Chickens are observant. Just need to show them. I bought mine a ball that treats fall out of. Gave it a roll on the sidewalk and they took it from there. What kind of feeder did you get for them that they don't want to use it?


----------



## TheLazyL (Jun 20, 2012)

If the feeder isn't hung too high they will find it when they get hungry.


----------



## profwirick (Jan 24, 2013)

could it be the feed itself? I have heard chickens eat EVERYthing, but my girls are like my niece. picky picky picky!


----------



## expertnewbie (Mar 11, 2013)

profwirick said:


> could it be the feed itself? I have heard chickens eat EVERYthing, but my girls are like my niece. picky picky picky!


It's layer mash. And yes so are mine. They only eat certain foods!!!


----------



## profwirick (Jan 24, 2013)

nice to know


----------



## TheLazyL (Jun 20, 2012)

profwirick said:


> could it be the feed itself? I have heard chickens eat EVERYthing, but my girls are like my niece. picky picky picky!
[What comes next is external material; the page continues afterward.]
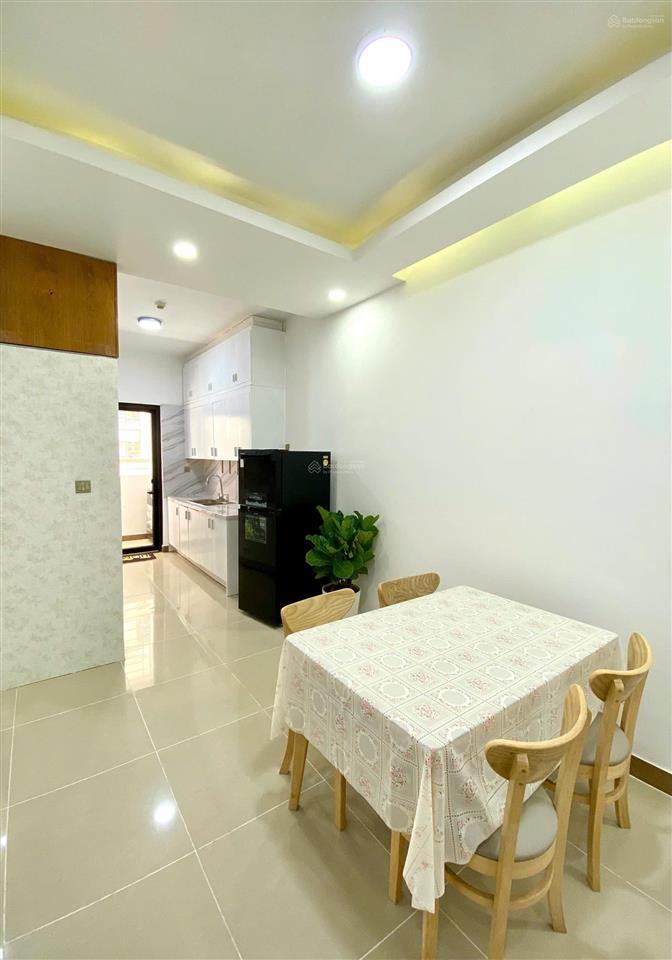 Bán căn hộ 2pn  3wc  85m2 chung cư era town đức khải quận 7  3,390 tỷ  làm việc chính chủ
Chickens will eat almost anything but why should they when they got their owners trained?


----------



## profwirick (Jan 24, 2013)

guilty as charged!


----------



## driftpin (May 11, 2013)

TheLazyL said:


> Chickens will eat almost anything but why should they when they got their owners trained?


This is the case I've seen too and almost fell into the same trap myself. If the birds can reach the food, they WILL eat it. Just don't cave in and let the chickens rule the roost, you rule it.


----------